Recorded information section start

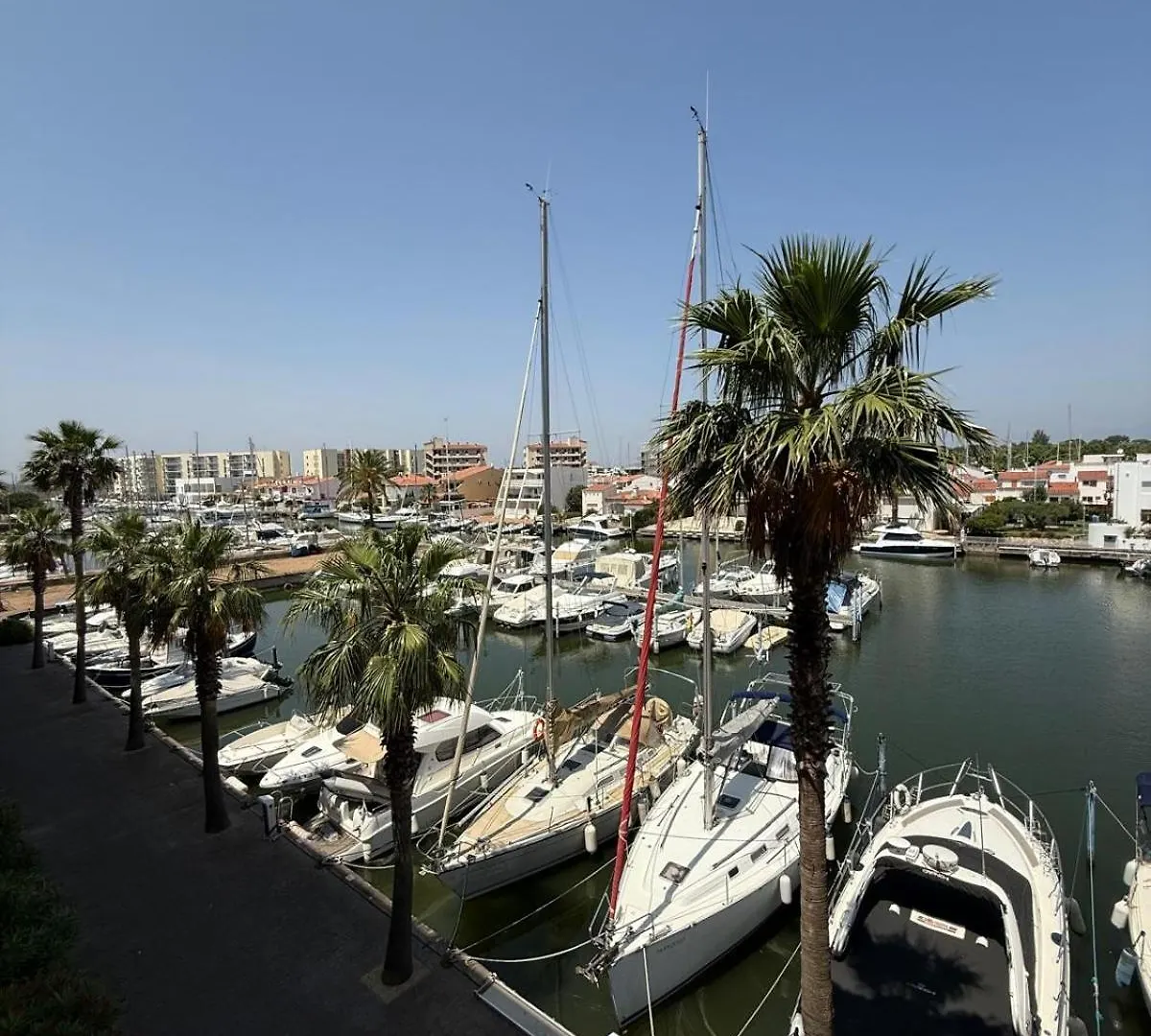 Apartamento Con Plaza De Parking Y Piscina Comunitaria Roses Spanien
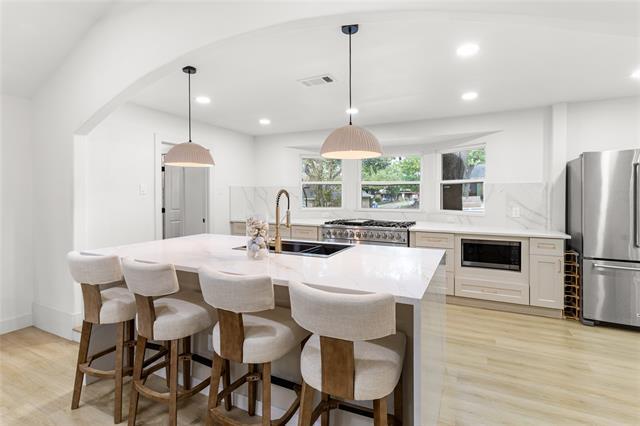 Building Photo - 1513 Carriage Ln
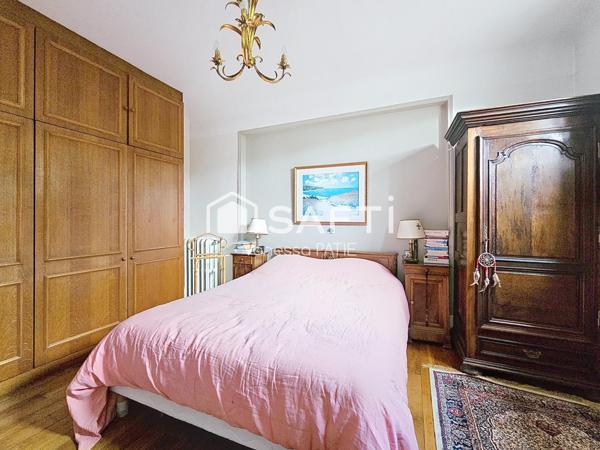 Villa de charme dans un quartier résidentiel, calme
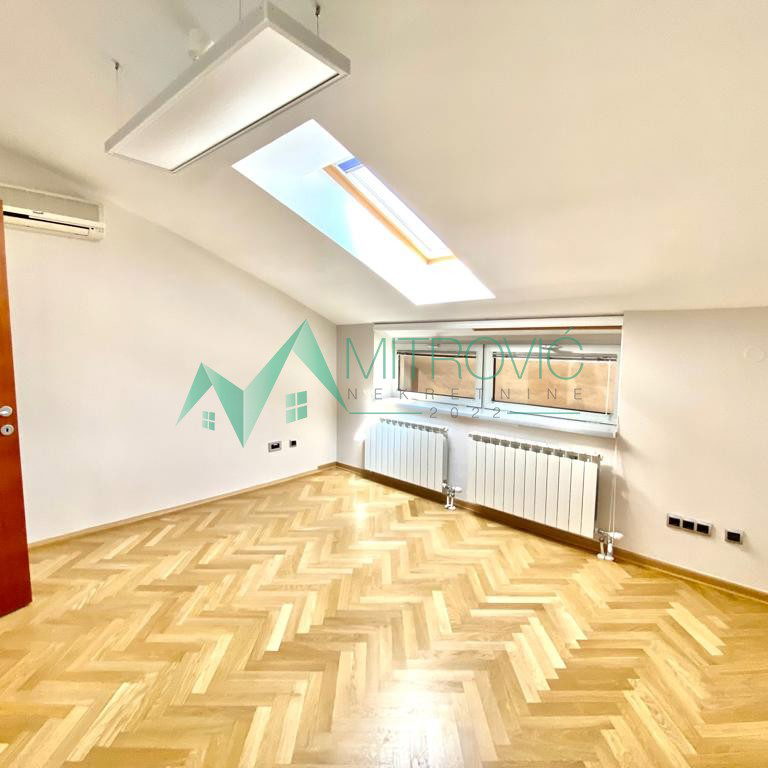 Lokal na prodaju, Spens, Novi Sad, 182m², 1.850 €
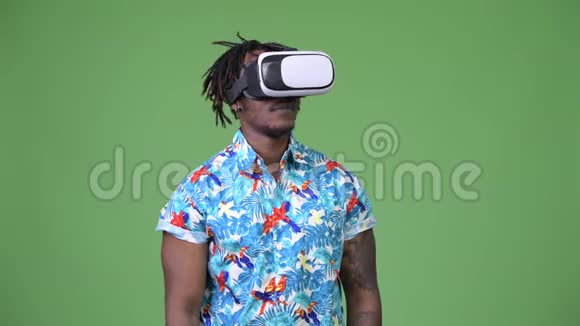 年轻英俊的非洲游客使用虚拟现实耳机视频的预览图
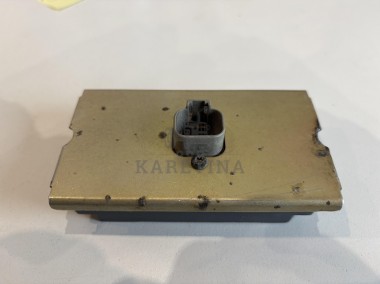 New Holland T6 T7 T8 T9 TG TJ - moduł sterownik 4-pinowy 284638A2-2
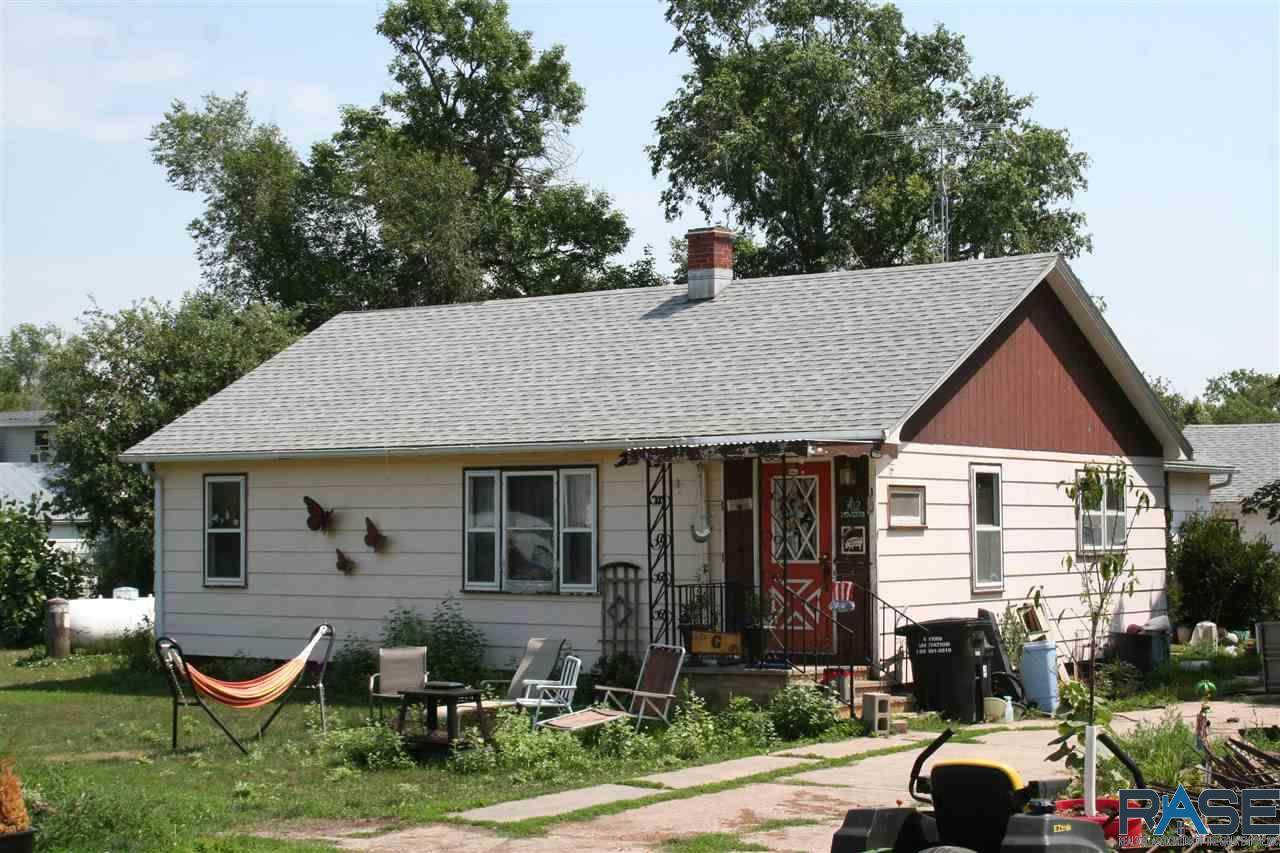 302 Broadway St - Photo 1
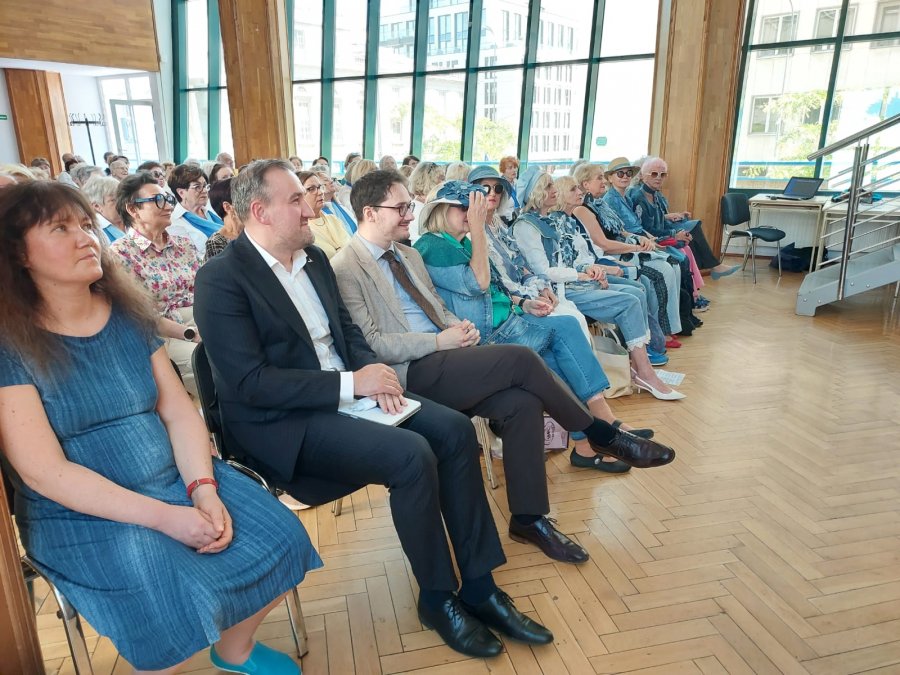 Wiceprezydent Gdyni Tomasz Augustyniak, Ricardo Jagielski &ndash; przedstawiciel Portu Gdynia oraz seniorzy i goście obecni na zakończeniu roku akademickiego 2025/2026 Gdyńskiego Uniwersytetu Trzeciego Wieku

Recorded information section end

> _Instructions for the task_
Give back, exactly as written, the lines from the top of the material through the line with "年轻英俊的非洲游客使用虚拟现实耳机视频的预览图", ends included and pictures left aside.

> _Response to the exercise_
 Apartamento Con Plaza De Parking Y Piscina Comunitaria Roses Spanien
 Building Photo - 1513 Carriage Ln
 Villa de charme dans un quartier résidentiel, calme
 Lokal na prodaju, Spens, Novi Sad, 182m², 1.850 €
 年轻英俊的非洲游客使用虚拟现实耳机视频的预览图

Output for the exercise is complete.